# A7R IV (or A7R4) imminent -- UPDATE: OFFICIAL



## ahsanford (Jul 16, 2019)

We knew there was an announcement coming, and here's what it probably will be for...

​
I'm curious if surpassing 50 MP will trigger Canon into a development announcement on the 5DS / 5DS R sequel or EOS R high res model.

- A


----------



## Maximilian (Jul 16, 2019)

Thanks for the pointer. We'll see what they'll bring...



ahsanford said:


> ...
> I'm curious if surpassing 50 MP will trigger Canon into a development announcement on the 5DS / 5DS R sequel or EOS R high res model.
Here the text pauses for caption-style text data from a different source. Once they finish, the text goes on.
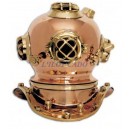 Casque de scaphandre en laiton et cuivre 26 cm
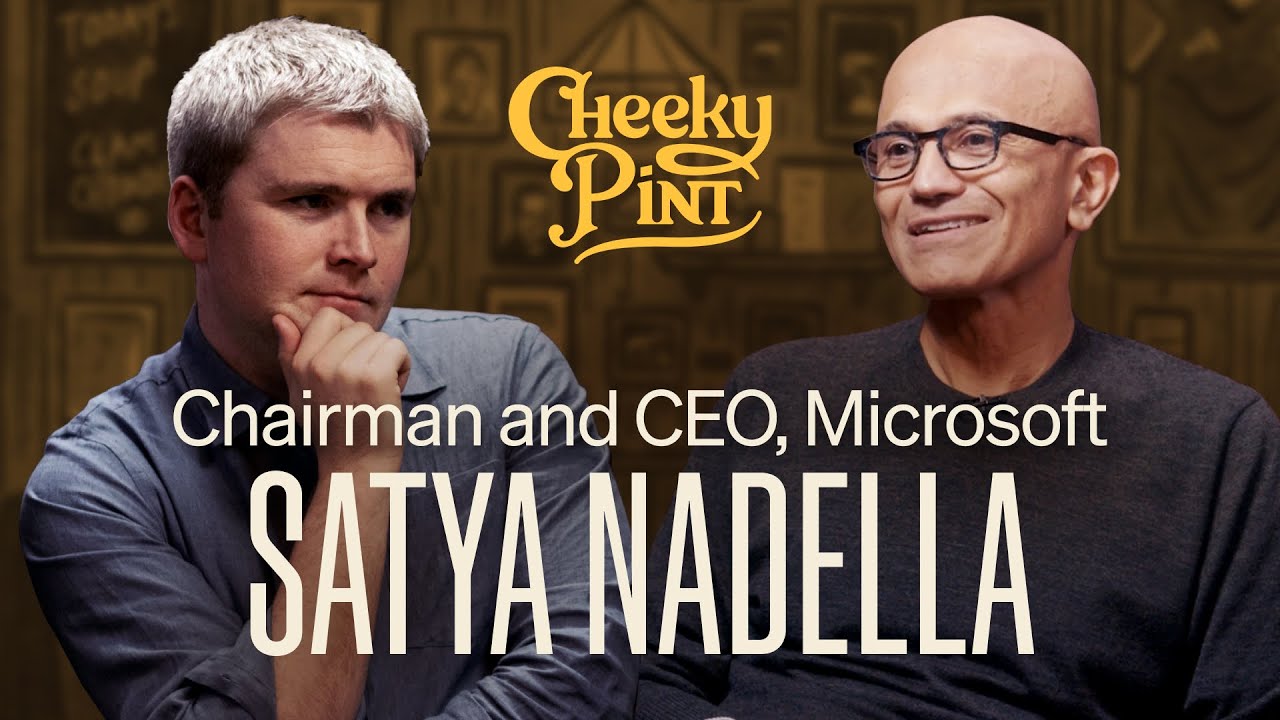 Satya Nadella on AI Adoption, Agentic Commerce, and Why This CapEx Boom Is Different From the Dot-Com Bubble (Cheeky Pint Interview Nov 2025)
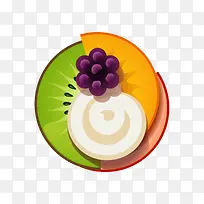 彩色卡通水果图标-空若网 彩色卡通水果图标-空若网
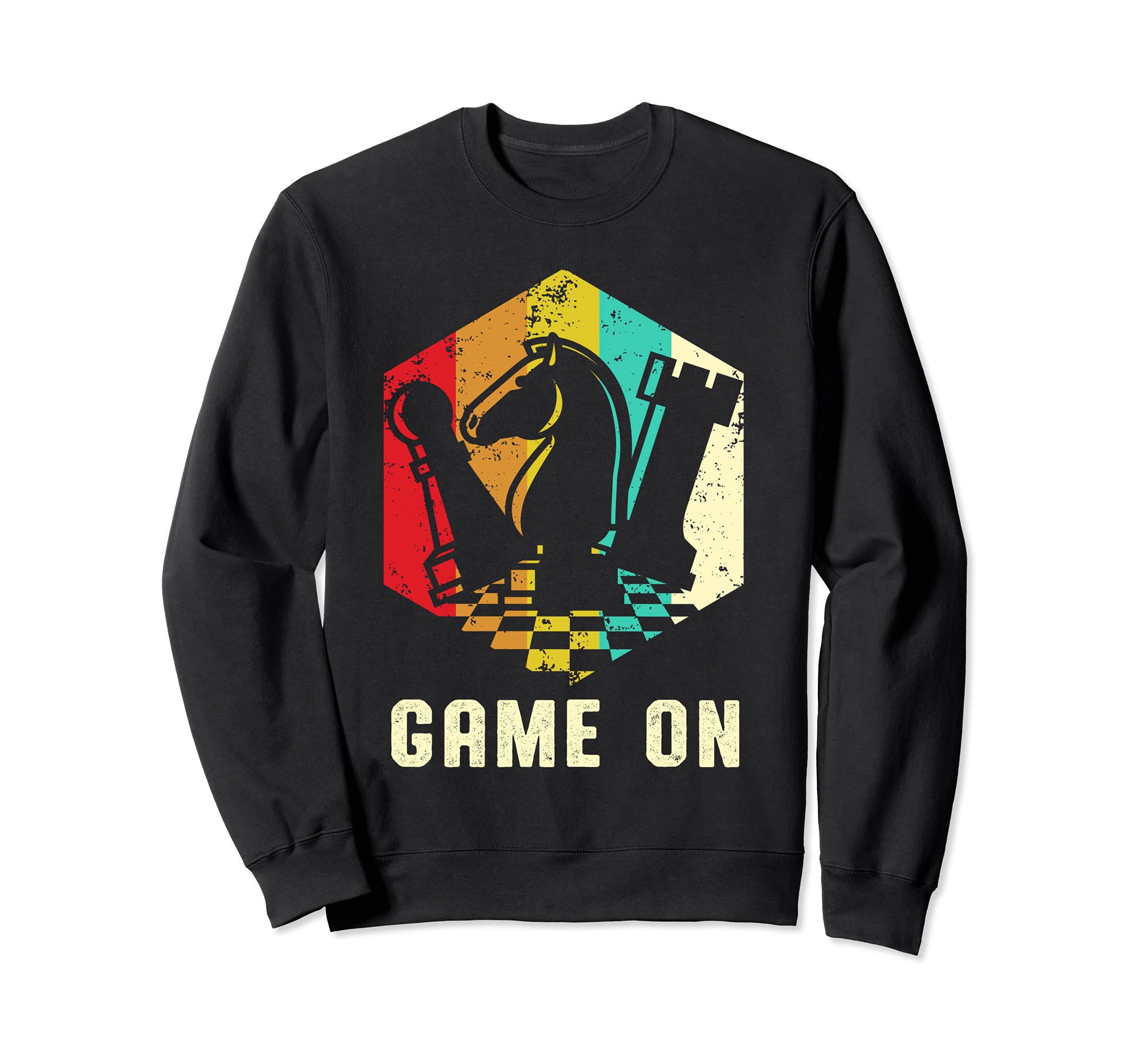 Vintage Chess Game Pieces Pawn Retro Checkmate Grandmaster Sweatshirt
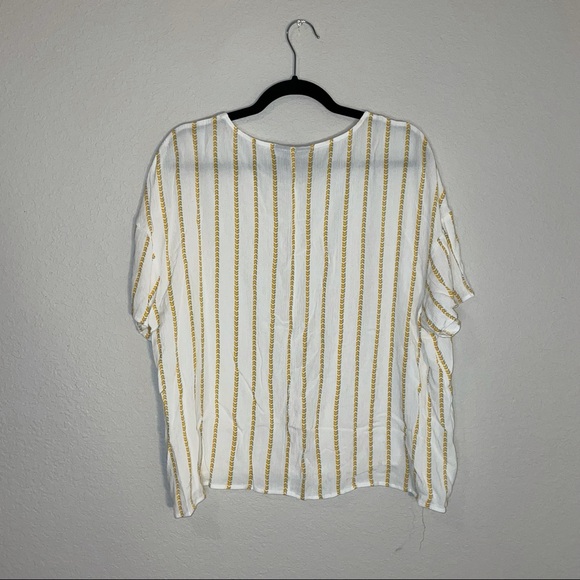 Lane Bryant Tie Front Essential Blouse Size 18 - Picture 7 of 7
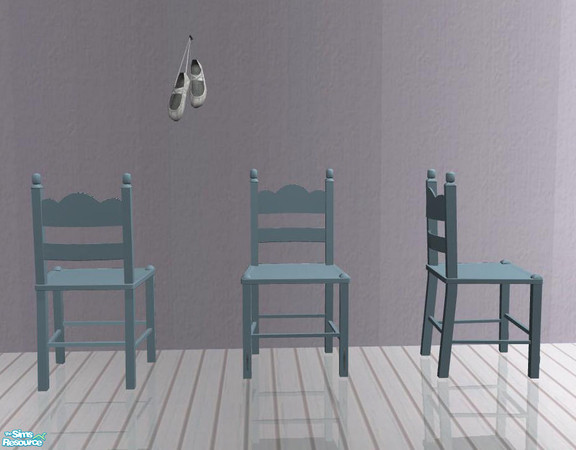 Sims 2 — PB Blue Children - Chair by ShinoKCR — Mesh is overworked and uploaded new on May 13 2008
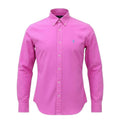 Camisa Ralph Lauren Masculina Oxford Tinturado Rosa Pony Celeste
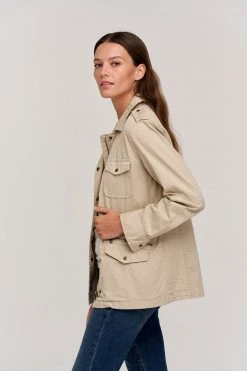 Velvet By Graham & Spencer RUBY LIGHT-WEIGHT ARMY JACKET Womens 41 Velvet By Graham & Spencer RUBY LIGHT-WEIGHT ARMY JACKET Womens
You know (to be the first here _lol _):
What ever Canon will do they are *******! *******!


----------



## ahsanford (Jul 16, 2019)

61 MP according to Nokishita. but "is said to have" is not their normal kind of statement.




- A


----------



## ahsanford (Jul 16, 2019)




----------



## ahsanford (Jul 16, 2019)

61 MP x 10 fps is bonkers throughput. 

240 MP composite stills with pixel shift.

- A


----------



## ahsanford (Jul 16, 2019)

More details and specs:









Sony a7r IV mirrorless camera officially announced - Photo Rumors


The big surprise, the Sony a7r IV mirrorless camera, is now officially announced (product listings: Adorama | B&H, see the press event here, sample photos available here). It features the world’s first 35mm full-frame 61 MP back-illuminated Exmor R CMOS sensor with latest-generation BIONZ X...




photorumors.com


----------



## Maximilian (Jul 16, 2019)

Wow! tat was fast. I was just typing my reply... 



ahsanford said:


> 61 MP x 10 fps is bonkers throughput.


Interesting to see what the competition does - although I am absolutely not into pixel monsters.
But the throughput is really amazing.


----------